§ **What is needed**: Below is a set of records. Repeat them verbatim without the pictures.

(Scraped caption text data)
= Beginning of Section =
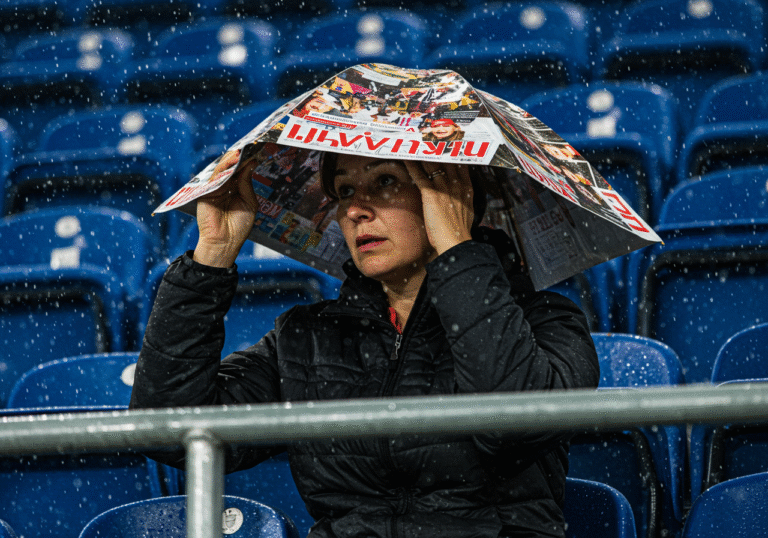 Sonja Jandroković, captured candidly in the spectator stands at the Sinjska Alka in Sinj, Croatia, during a sudden, heavy daytime downpour. She is using an ordinary magazine as an improvised umbrella, shielding herself from the rain visibly falling around her and hitting the stands. Overcast light, a sense of immediate adaptation to the extreme weather.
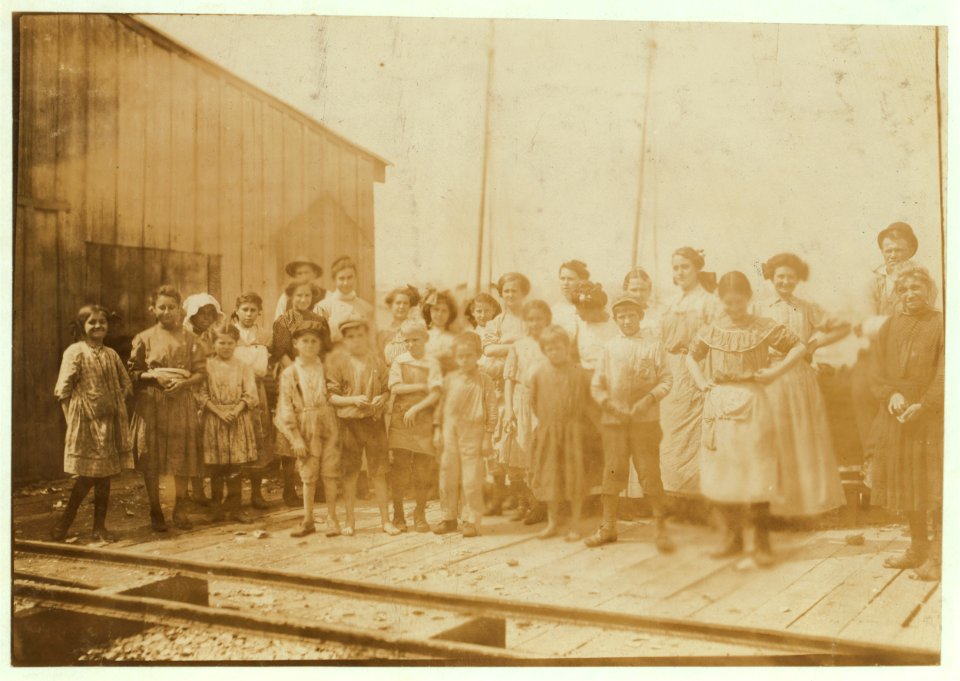 Some of the shrimp-pickers in an Oyster Co. The bosses refused to allow the children to be in the photo, so I was compelled to wait until they had gone home to dinner, before I could get LOC nclc.00896
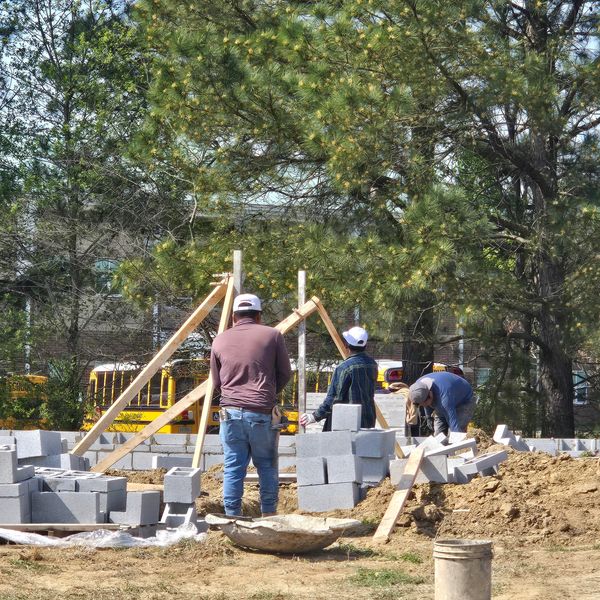 Three workers building a foundation with concrete blocks on a sunny day.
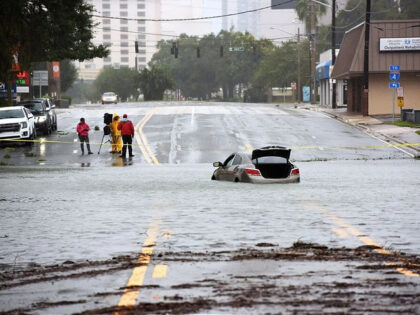 ORLANDO, FLORIDA, UNITED STATES - SEPTEMBER 29: A car in seen abandoned in a flooded road due to heavy rains from Hurricane Ian on September 29, 2022 in Orlando, Florida. The storm has caused widespread power outages and flash flooding in Central Florida as it crossed through the state after …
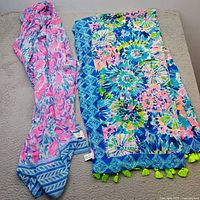 Both Lilly Pulitzer scarves laid flat showing patterns and tassels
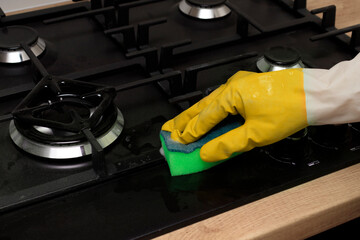 Cleaning the gas stove from dust and dirt. Cleaning a gas stove with kitchen utensils, household...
= End of Section =
§ **Result for this task**:
 Sonja Jandroković, captured candidly in the spectator stands at the Sinjska Alka in Sinj, Croatia, during a sudden, heavy daytime downpour. She is using an ordinary magazine as an improvised umbrella, shielding herself from the rain visibly falling around her and hitting the stands. Overcast light, a sense of immediate adaptation to the extreme weather.
 Some of the shrimp-pickers in an Oyster Co. The bosses refused to allow the children to be in the photo, so I was compelled to wait until they had gone home to dinner, before I could get LOC nclc.00896
 Three workers building a foundation with concrete blocks on a sunny day.
 ORLANDO, FLORIDA, UNITED STATES - SEPTEMBER 29: A car in seen abandoned in a flooded road due to heavy rains from Hurricane Ian on September 29, 2022 in Orlando, Florida. The storm has caused widespread power outages and flash flooding in Central Florida as it crossed through the state after …
 Both Lilly Pulitzer scarves laid flat showing patterns and tassels
 Cleaning the gas stove from dust and dirt. Cleaning a gas stove with kitchen utensils, household...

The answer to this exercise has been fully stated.